++++ MATERIAL FOR THIS EXERCISE
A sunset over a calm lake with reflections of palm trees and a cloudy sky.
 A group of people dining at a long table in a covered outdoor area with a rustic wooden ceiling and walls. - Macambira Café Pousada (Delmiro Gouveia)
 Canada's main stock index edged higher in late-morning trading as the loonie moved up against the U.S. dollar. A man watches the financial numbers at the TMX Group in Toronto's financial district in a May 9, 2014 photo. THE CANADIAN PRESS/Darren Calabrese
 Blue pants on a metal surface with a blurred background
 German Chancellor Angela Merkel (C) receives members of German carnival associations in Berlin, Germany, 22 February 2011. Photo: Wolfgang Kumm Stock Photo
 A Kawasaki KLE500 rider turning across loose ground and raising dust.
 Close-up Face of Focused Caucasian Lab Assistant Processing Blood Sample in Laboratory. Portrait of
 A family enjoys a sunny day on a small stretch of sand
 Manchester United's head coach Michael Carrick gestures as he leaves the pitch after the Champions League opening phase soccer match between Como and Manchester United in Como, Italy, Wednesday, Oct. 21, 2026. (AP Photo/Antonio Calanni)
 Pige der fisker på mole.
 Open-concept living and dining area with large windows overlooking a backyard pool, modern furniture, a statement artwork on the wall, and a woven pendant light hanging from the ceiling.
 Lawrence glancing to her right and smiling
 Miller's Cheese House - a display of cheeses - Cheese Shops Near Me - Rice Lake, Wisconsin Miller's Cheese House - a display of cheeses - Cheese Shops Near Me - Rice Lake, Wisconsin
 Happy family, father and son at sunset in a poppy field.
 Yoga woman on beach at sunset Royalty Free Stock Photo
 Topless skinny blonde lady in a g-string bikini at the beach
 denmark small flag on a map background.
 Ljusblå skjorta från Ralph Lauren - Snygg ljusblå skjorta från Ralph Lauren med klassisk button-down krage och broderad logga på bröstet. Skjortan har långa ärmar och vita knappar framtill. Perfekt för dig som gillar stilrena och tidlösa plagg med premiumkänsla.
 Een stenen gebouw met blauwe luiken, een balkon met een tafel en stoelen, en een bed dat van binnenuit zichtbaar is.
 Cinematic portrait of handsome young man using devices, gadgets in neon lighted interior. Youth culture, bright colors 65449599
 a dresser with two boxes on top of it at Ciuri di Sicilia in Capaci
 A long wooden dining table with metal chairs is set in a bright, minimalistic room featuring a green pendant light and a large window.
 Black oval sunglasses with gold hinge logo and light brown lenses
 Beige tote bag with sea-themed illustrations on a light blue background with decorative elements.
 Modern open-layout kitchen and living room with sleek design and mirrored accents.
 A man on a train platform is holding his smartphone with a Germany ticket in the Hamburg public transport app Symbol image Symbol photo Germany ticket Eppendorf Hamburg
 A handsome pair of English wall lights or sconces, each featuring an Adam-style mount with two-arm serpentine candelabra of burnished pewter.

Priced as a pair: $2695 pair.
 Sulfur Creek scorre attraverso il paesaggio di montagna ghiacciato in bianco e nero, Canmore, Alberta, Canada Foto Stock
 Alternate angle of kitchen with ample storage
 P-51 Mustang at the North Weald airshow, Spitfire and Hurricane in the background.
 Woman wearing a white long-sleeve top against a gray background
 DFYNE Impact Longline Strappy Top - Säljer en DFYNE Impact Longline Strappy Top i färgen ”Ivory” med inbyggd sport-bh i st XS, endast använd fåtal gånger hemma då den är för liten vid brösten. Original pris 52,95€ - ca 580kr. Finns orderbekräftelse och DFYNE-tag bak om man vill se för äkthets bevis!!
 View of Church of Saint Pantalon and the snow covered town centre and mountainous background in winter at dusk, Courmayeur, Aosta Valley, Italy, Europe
++++++++
### PROBLEM DETAILS
Every entry in the listing should be retyped exactly.

### EXPECTED ANSWER
A sunset over a calm lake with reflections of palm trees and a cloudy sky.
 A group of people dining at a long table in a covered outdoor area with a rustic wooden ceiling and walls. - Macambira Café Pousada (Delmiro Gouveia)
 Canada's main stock index edged higher in late-morning trading as the loonie moved up against the U.S. dollar. A man watches the financial numbers at the TMX Group in Toronto's financial district in a May 9, 2014 photo. THE CANADIAN PRESS/Darren Calabrese
 Blue pants on a metal surface with a blurred background
 German Chancellor Angela Merkel (C) receives members of German carnival associations in Berlin, Germany, 22 February 2011. Photo: Wolfgang Kumm Stock Photo
 A Kawasaki KLE500 rider turning across loose ground and raising dust.
 Close-up Face of Focused Caucasian Lab Assistant Processing Blood Sample in Laboratory. Portrait of
 A family enjoys a sunny day on a small stretch of sand
 Manchester United's head coach Michael Carrick gestures as he leaves the pitch after the Champions League opening phase soccer match between Como and Manchester United in Como, Italy, Wednesday, Oct. 21, 2026. (AP Photo/Antonio Calanni)
 Pige der fisker på mole.
 Open-concept living and dining area with large windows overlooking a backyard pool, modern furniture, a statement artwork on the wall, and a woven pendant light hanging from the ceiling.
 Lawrence glancing to her right and smiling
 Miller's Cheese House - a display of cheeses - Cheese Shops Near Me - Rice Lake, Wisconsin Miller's Cheese House - a display of cheeses - Cheese Shops Near Me - Rice Lake, Wisconsin
 Happy family, father and son at sunset in a poppy field.
 Yoga woman on beach at sunset Royalty Free Stock Photo
 Topless skinny blonde lady in a g-string bikini at the beach
 denmark small flag on a map background.
 Ljusblå skjorta från Ralph Lauren - Snygg ljusblå skjorta från Ralph Lauren med klassisk button-down krage och broderad logga på bröstet. Skjortan har långa ärmar och vita knappar framtill. Perfekt för dig som gillar stilrena och tidlösa plagg med premiumkänsla.
 Een stenen gebouw met blauwe luiken, een balkon met een tafel en stoelen, en een bed dat van binnenuit zichtbaar is.
 Cinematic portrait of handsome young man using devices, gadgets in neon lighted interior. Youth culture, bright colors 65449599
 a dresser with two boxes on top of it at Ciuri di Sicilia in Capaci
 A long wooden dining table with metal chairs is set in a bright, minimalistic room featuring a green pendant light and a large window.
 Black oval sunglasses with gold hinge logo and light brown lenses
 Beige tote bag with sea-themed illustrations on a light blue background with decorative elements.
 Modern open-layout kitchen and living room with sleek design and mirrored accents.
 A man on a train platform is holding his smartphone with a Germany ticket in the Hamburg public transport app Symbol image Symbol photo Germany ticket Eppendorf Hamburg
 A handsome pair of English wall lights or sconces, each featuring an Adam-style mount with two-arm serpentine candelabra of burnished pewter.

Priced as a pair: $2695 pair.
 Sulfur Creek scorre attraverso il paesaggio di montagna ghiacciato in bianco e nero, Canmore, Alberta, Canada Foto Stock
 Alternate angle of kitchen with ample storage
 P-51 Mustang at the North Weald airshow, Spitfire and Hurricane in the background.
 Woman wearing a white long-sleeve top against a gray background
 DFYNE Impact Longline Strappy Top - Säljer en DFYNE Impact Longline Strappy Top i färgen ”Ivory” med inbyggd sport-bh i st XS, endast använd fåtal gånger hemma då den är för liten vid brösten. Original pris 52,95€ - ca 580kr. Finns orderbekräftelse och DFYNE-tag bak om man vill se för äkthets bevis!!
 View of Church of Saint Pantalon and the snow covered town centre and mountainous background in winter at dusk, Courmayeur, Aosta Valley, Italy, Europe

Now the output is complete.